_Task item_
Below are some records; quote exactly the lines from the one that contains "Flowing gradient colors and round elements Flowing" through the one that contains "Ich bin eine", inclusive, and no others.

_Records for this exercise_
* * *

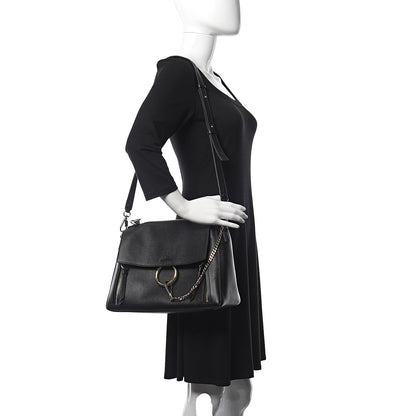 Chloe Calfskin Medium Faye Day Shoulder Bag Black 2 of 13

* * *

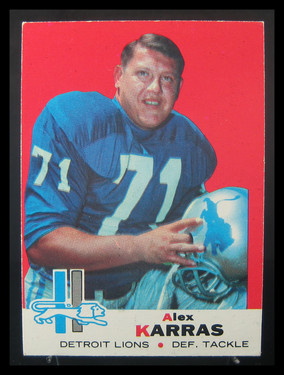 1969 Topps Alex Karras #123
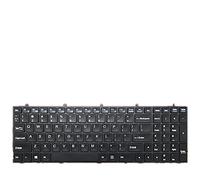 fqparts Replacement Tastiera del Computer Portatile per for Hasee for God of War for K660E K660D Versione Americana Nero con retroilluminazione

* * *

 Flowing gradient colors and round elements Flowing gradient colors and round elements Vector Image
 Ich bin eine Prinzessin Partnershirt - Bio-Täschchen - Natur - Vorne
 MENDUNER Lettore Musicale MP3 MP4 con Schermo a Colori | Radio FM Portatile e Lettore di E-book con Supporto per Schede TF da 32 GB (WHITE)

* * *

_Exercise solution_
 Flowing gradient colors and round elements Flowing gradient colors and round elements Vector Image
 Ich bin eine Prinzessin Partnershirt - Bio-Täschchen - Natur - Vorne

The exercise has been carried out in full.